For an Iraqi makerspace founder, the repercussions of President Trump’s executive order to put a ban on travelers from seven countries, including Syria and Iraq, are halting progress in building bridges between his country and others, and educating the young.

Nawres Arif, founder of the Basra makerspace Science Camp, says the ban will directly affect four trips they have planned over the next six months. All of these trips are entrepreneurship exchanges or around how to use technology for peace.

“We try to build a bridge between countries and between people. We try to invite people every time to travel to Iraq. This kind of ban will affect our work badly because it is the opposite of what we’re trying to do,” he said.

In March a Science Camp member was supposed to go on a three-week entrepreneurship exchange with the International Visitor Leadership Program.

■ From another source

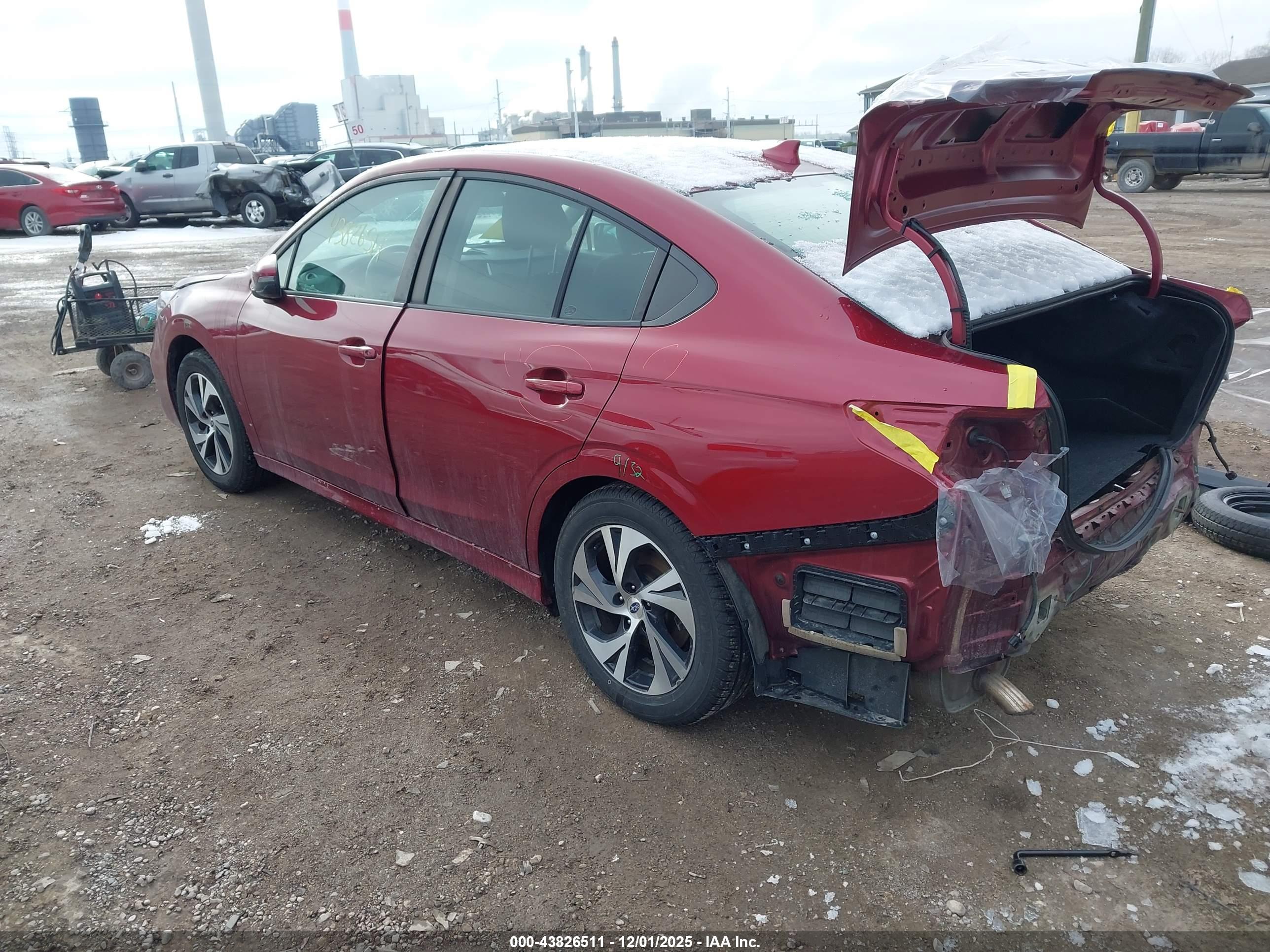 SUBARU LEGACY image 3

In May a Science Camp group is supposed to visit the US Institute of Peace in Washington DC for an intensive entrepreneurship mentoring program.

And in July, Arif wanted to enter an Iraqi high school team into the First Global Robot of Peace competition in Washington DC.

These trips are all now uncertain.

And because the Iraq parliament has put in place a reciprocal ban on US citizens, a series of events on how to use technology for peace, run throughout Iraq by the US Peacetech Lab in April, is also at risk.

He says there will be a psychological toll as well.

Arif is one of Iraqi entrepreneurship’s biggest supporters. He built Science Camp in the driveway of his family home to give young men and women a space to make things - it will be inundated in a few weeks when university students begin arriving to start their graduation projects. A new metal working workshop has just been completed and they’re starting on a wood workshop for the “wood artists” among them.

And he has been working for years on sending Iraqis out into the world and inviting foreigners home to break down cultural barriers.

Feature image via First Global.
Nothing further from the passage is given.